Charlie and Emily stayed with us again for 2 nights and Lynn took them to the school bus. Nick and Heather also stopped by on their way to school to borrow crutches. Nick hurt his foot and ankle and it was too painful to walk on.
Lynn took Emily to her year-end Girl Scout awards meeting, where she received her special awards for the year.


On January 3 Michael, Carolyn, and a neighbor trailed their cows home from Sandy Creek (more than 10 miles, along the back road). Lynn drove the feed truck to lead the herd, and the rest of the crew herded the cows on 4-wheelers. They did pretty well except when the cows had trouble going through the small gates by the cattle guards. One cow bogged down in a muddy gateway and several cows walked over the top of her. The 4 men couldn’t get the cow out of the bog, but fortunately Michael had a nylon rope on his 4-wheeler and was able to pull her out of the mud with that. Once the herd made it across the highway and headed up our creek road (with only 2 miles left to go) Carolyn drove the feed truck while Lynn came on home—since we had company visiting here from Canada. We’d been corresponding with Pete and Bev Weibe since 2000 when Andrea had her burn accident (Pete was severely burned a couple years earlier, in an electrical accident), but this was the first chance we’d had to actually meet them. Andrea drove from Challis to meet them, also.

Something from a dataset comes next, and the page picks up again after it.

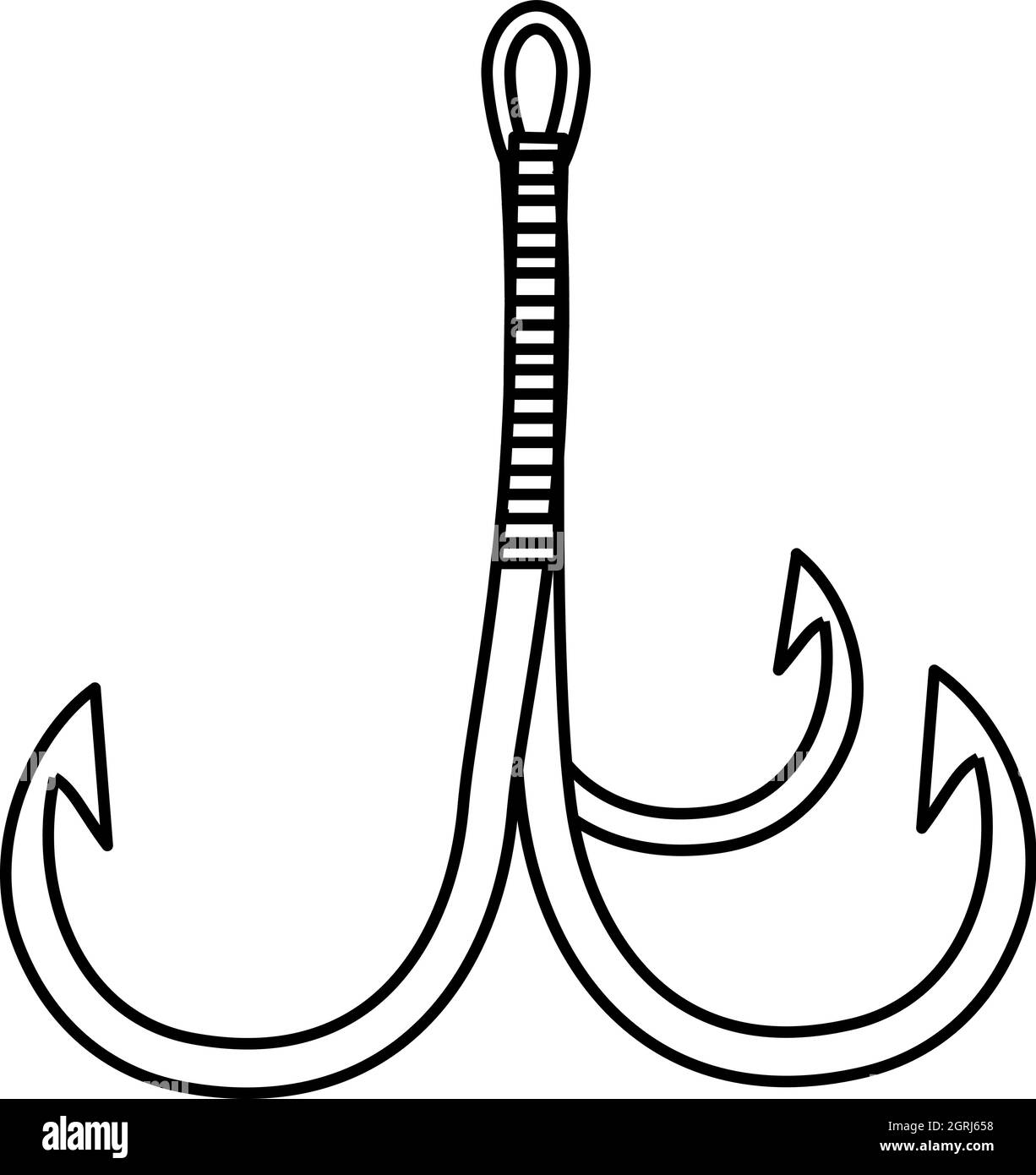 Trois crochets, icône de style contour Illustration de Vecteur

The next week we had more wind and snow, drifting across fields and roads. Lynn used our tractor and blade to plow our driveway and several of the neighbors’. We started feeding our cows twice a day. We would be reducing our herd again before calving season. Michael needed more cows (to get up to the total his banker thought he needed) so we were selling him 22 of ours, cutting our small herd down again. He also went to a sale in Butte, Montana and bought 33 more cows, bringing their herd to 550 cows--to satisfy his banker.

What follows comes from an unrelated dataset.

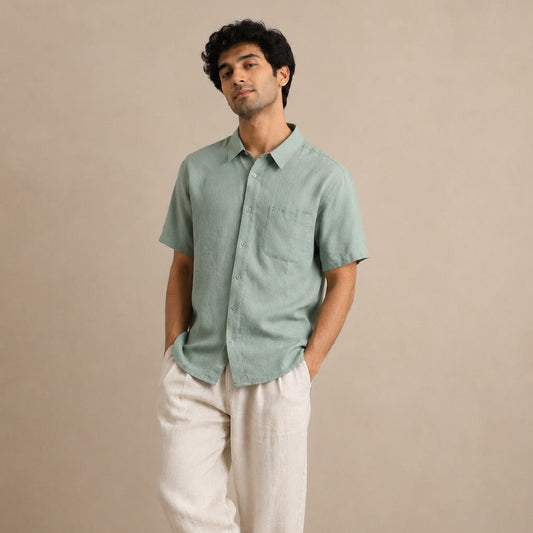 Linen Half-Sleeve Regular Collar Shirt for Men- Sage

Andrea changed schools with Emily and Charlie; it was easier for them to go to school in Challis than try to finish the year here. Em stayed with us on the nights before a hockey tournament however, so we could take her to town early in the morning to get a ride with friends. The 2-day tournaments were in various towns in Montana—often a very long drive.
Michael and Carolyn’s first calf arrived early one morning, up in the field. Fortunately the weather warmed up (20 degrees) so the calf didn’t freeze. They had 2 more babies the next day, and a total of 4 by January 12. Then they brought all the cows down to our field below the lane, where they could watch them better and have access to a barn if needed. They were preparing to camp here again in the old trailer house during calving season—where they could warm and dry any cold calves by the wood stove.